Fuzzy DB extraction is used to extract the document level fields of a document from records in the database on the basis of the matched value of the HOCR content or the previously extracted value of a document level field. This plug-in involves creation of search engine based indexing and extracting document level field value based on fuzzy match of HOCR content against index. User can configure any Vendor database in order to capture Vendor name, Vendor ID or any other field from the incoming invoices. This can be done simply by mapping the document to the Vendor database table and the index fields of the document to the columns in the database table. The plugin will find the matching vendor from the database and update the fields in the document. Now user can configure different database for different document types of a batch class.

Mapping Configuration

User can map the Document Level Fields with the column of a database table on Fuzzy DB Extraction Configuration Screen under document type of a batch class. When User click on Fuzzy DB Extraction Configuration node, following UI will be presented:

C:UsersgajendrayadavDesktopScreen shots4.0.0.0_FuzzyDB_10001.jpg

DLF Mapping

To map the DLFs with the columns of a database table, User can follow the below given steps:

  • Select a database connection.
  • Select a Table.
  • Select a Row ID, Row Id drop down will show only columns that follows unique constraint.
  • On clicking the ‘Add’ button, following UI will be presented to map the DLFs with columns of database table:

C:UsersgajendrayadavDesktopScreen shots4.0.0.0_FuzzyDB_10002.jpg

  • Now User can map a DLF with the column of database table.
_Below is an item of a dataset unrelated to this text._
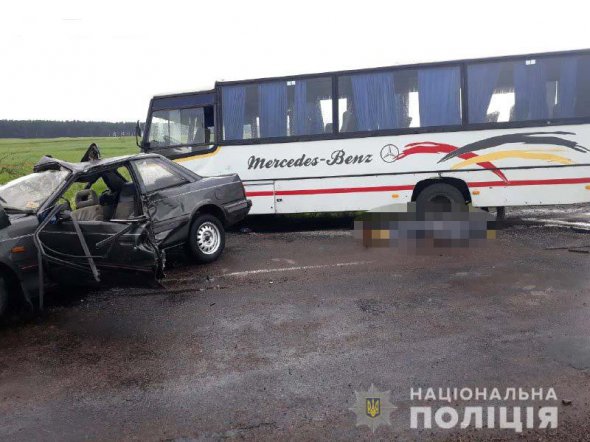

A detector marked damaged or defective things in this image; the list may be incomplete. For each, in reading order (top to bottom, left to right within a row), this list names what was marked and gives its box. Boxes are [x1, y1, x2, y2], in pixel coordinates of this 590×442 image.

C:UsersgajendrayadavDesktopScreen shots4.0.0.0_FuzzyDB_10003.jpg

Search Specific Column

Fuzzy DB Extraction Configuration Screen has a column ‘Is Searchable’. It specifies that indexes will be created for those DLF for which Is Searchable is checked when learn DB is clicked. This DLF will be used for searching and generating output at RV screen for fuzzy text search.

Learn Database

Once the mapping is defined, the user can click on “Learn DB” to create indexes of all the records present in the database.

    • Lucene indexing is generated against all database records belonging to all document types which have been mapped for current batch class. Only mapped columns are indexed.
    • Indexes are built on a string which is the combined text of all the fields mapped to various columns of the database table.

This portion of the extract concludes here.